Having located "TK1087 - High" in the listing below, write out its line and every following line exactly, last line included, without the pictures.

SUPPLIED INFORMATION
-- Opening Marker --

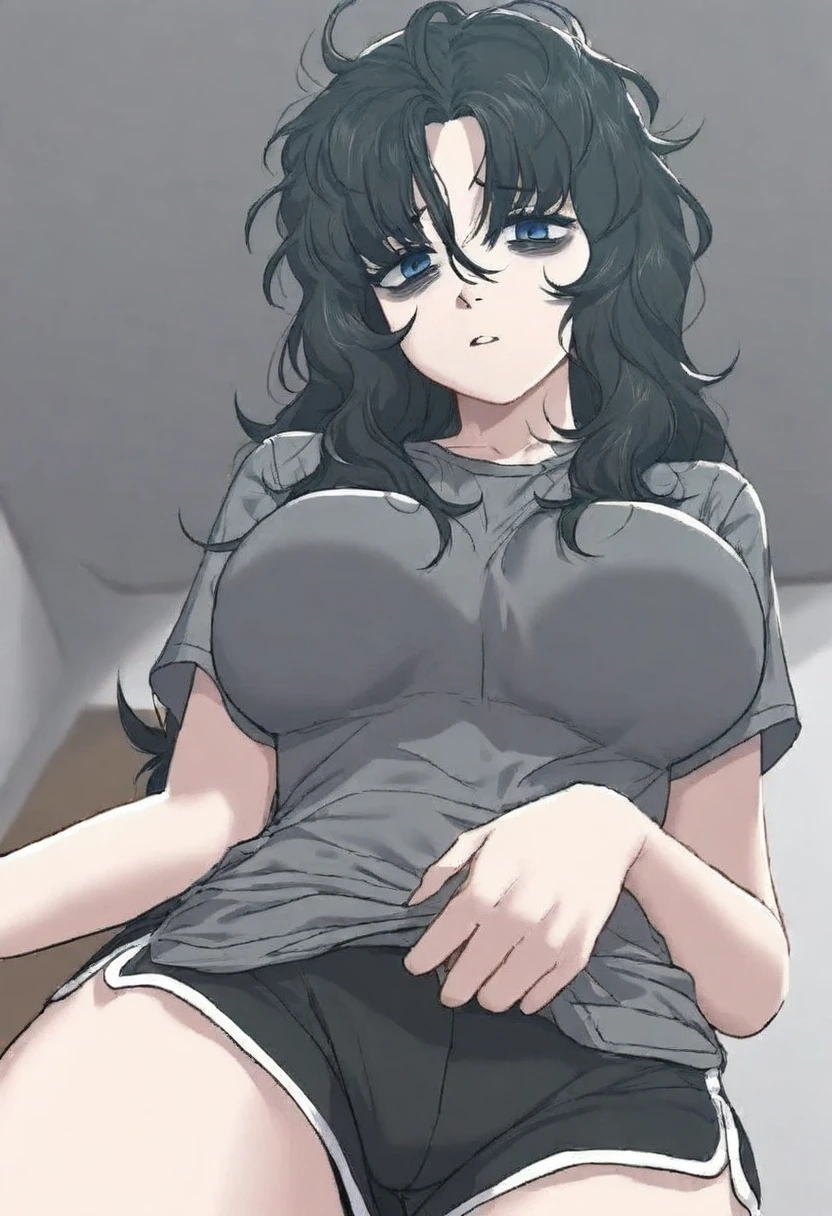gye baeksun, looking at the viewer, long hair, gray shirt, dolphin shorts, short shorts, black hair, messy hair, breasts, large breasts, blue eyes, bags under eyes, x-arms, from below, <lora:Character_Gye Baeksun - Authentic:1>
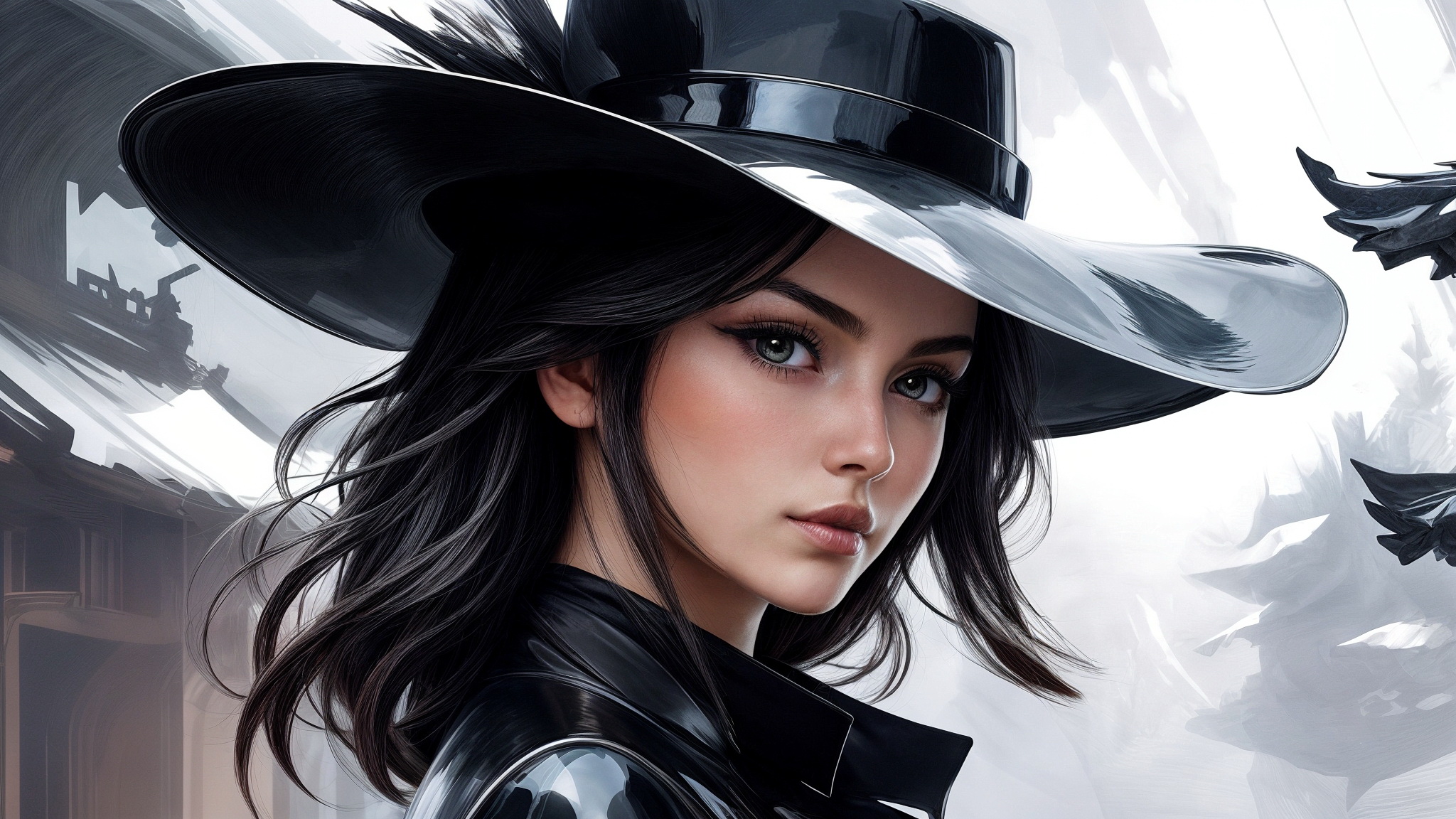Бесплатное фото Портрет девушки в черной широкополой шляпе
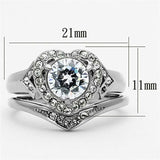 TK1087 - High polished (no plating) Stainless Steel Ring with AAA Grade CZ in Clear - Alamode - Flyclothing LLC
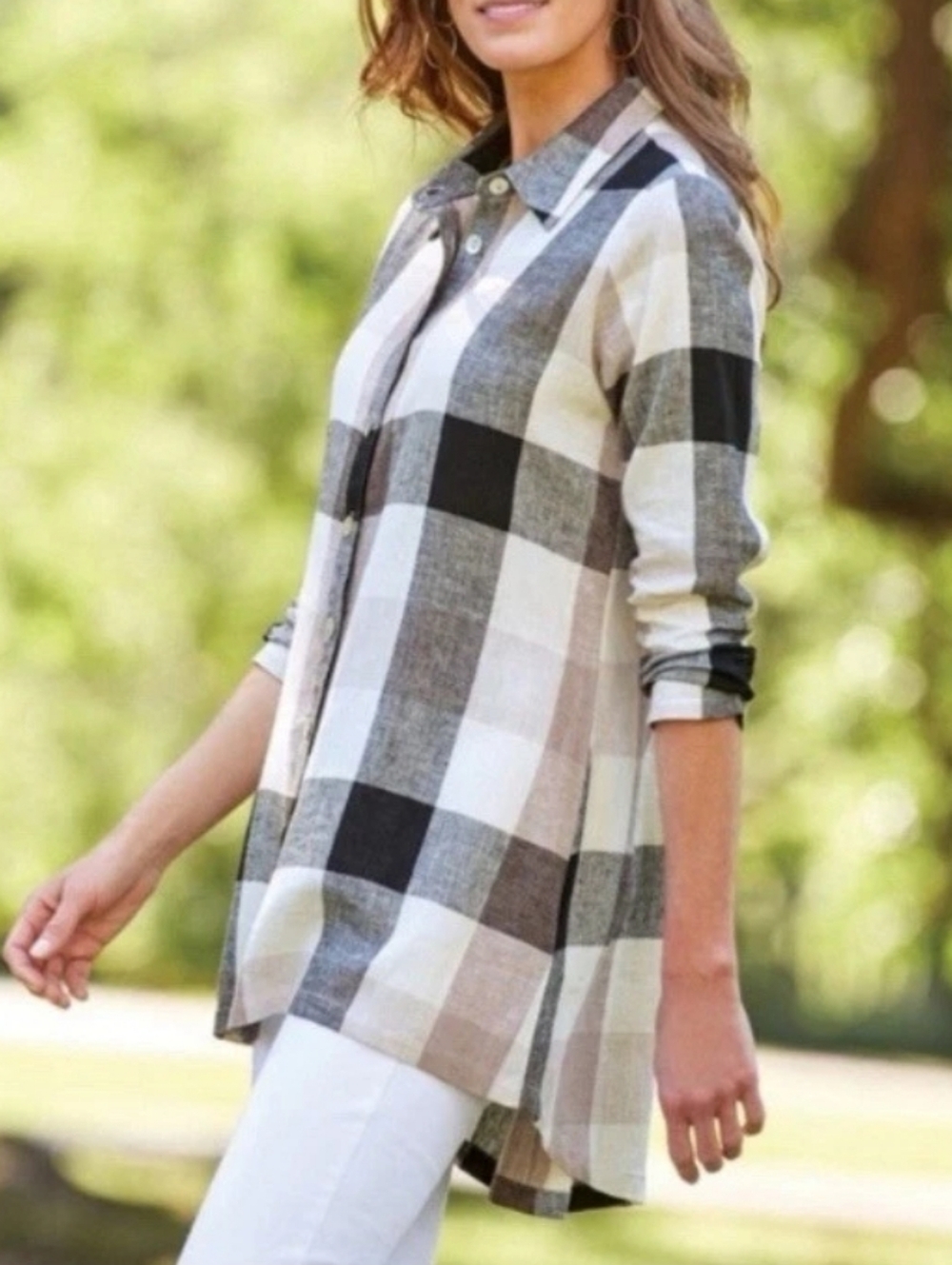 Soft Surroundings Plaid Linen Tunic‎ Top Button Down Shirt Size M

-- Closing Marker --

THE ANSWER
 TK1087 - High polished (no plating) Stainless Steel Ring with AAA Grade CZ in Clear - Alamode - Flyclothing LLC
 Soft Surroundings Plaid Linen Tunic‎ Top Button Down Shirt Size M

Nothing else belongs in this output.